Last year the UK Government sought views on improving transparency and accountability in the corporate world. One proposal in the interests of transparency was to ban the use of a corporate director – a director being a company rather than an individual. In the pensions field many independent trustees provide their services via a company and so the law in this area is of particular interest to independent trustees.

Government’s response April 2014
As previously reported, the Government recently published its response to comments on its July 2013 consultation. There is, generally speaking, to be a complete prohibition on corporate directors. Once new legislation comes into force UK companies will no longer be able to have a ‘corporate director’ on their board of directors and instead directors must be individuals and not legal entities such as a company. However the Government recognises that in certain specific business areas corporate directors provide particular benefits. Therefore there will be a limited number of exemptions to the prohibition.

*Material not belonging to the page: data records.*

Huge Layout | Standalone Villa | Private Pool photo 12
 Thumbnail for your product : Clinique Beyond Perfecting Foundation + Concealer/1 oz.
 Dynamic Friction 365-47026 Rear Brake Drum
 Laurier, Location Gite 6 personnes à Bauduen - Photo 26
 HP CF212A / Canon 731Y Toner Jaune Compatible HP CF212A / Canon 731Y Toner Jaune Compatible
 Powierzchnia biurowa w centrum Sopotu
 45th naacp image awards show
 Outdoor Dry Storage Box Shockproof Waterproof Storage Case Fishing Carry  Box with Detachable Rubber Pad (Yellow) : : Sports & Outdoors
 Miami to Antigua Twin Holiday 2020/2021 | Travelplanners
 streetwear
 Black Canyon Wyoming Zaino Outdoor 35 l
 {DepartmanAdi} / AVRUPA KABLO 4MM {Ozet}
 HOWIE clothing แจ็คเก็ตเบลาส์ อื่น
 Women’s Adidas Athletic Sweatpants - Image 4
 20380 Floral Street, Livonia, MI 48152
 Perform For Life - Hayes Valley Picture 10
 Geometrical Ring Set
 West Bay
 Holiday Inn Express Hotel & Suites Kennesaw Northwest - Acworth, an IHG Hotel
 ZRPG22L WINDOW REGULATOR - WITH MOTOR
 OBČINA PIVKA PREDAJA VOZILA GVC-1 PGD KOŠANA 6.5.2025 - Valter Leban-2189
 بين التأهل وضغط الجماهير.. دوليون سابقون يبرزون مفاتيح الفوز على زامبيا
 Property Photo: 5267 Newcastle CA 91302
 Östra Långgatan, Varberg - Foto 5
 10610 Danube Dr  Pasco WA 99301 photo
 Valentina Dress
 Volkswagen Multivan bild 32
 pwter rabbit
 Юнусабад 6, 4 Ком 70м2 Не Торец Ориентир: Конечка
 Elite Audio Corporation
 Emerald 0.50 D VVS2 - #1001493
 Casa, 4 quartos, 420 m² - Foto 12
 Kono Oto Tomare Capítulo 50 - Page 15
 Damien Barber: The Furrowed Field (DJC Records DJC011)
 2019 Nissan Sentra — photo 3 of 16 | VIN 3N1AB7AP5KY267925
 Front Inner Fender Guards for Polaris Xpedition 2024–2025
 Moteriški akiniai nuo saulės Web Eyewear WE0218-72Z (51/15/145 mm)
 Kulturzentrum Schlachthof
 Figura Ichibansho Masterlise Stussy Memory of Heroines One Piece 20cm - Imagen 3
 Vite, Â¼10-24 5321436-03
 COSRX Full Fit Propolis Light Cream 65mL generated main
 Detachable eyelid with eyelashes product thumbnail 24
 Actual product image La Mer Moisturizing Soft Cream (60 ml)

The exceptions will be where there are high standards of governance or high levels of regulatory oversight. The present list of proposed exemptions is:

  • group structures including large listed companies or large private companies; and
  • charities.

Disappointingly, the exemption list does not at the moment include pension schemes. However all may not be lost. There is a footnote mentioning the Government is also considering exemption in relation to different classes of legal entity. It is unclear whether this relates just to different types of charity structures or may embrace other organisations such as pension fund trustee boards.

Action point
Independent trustees supplying their trustee services through companies have time to lobby Government, particularly as there is no set legislative timetable. Government says it will introduce the new legislation as and when Parliamentary time allows.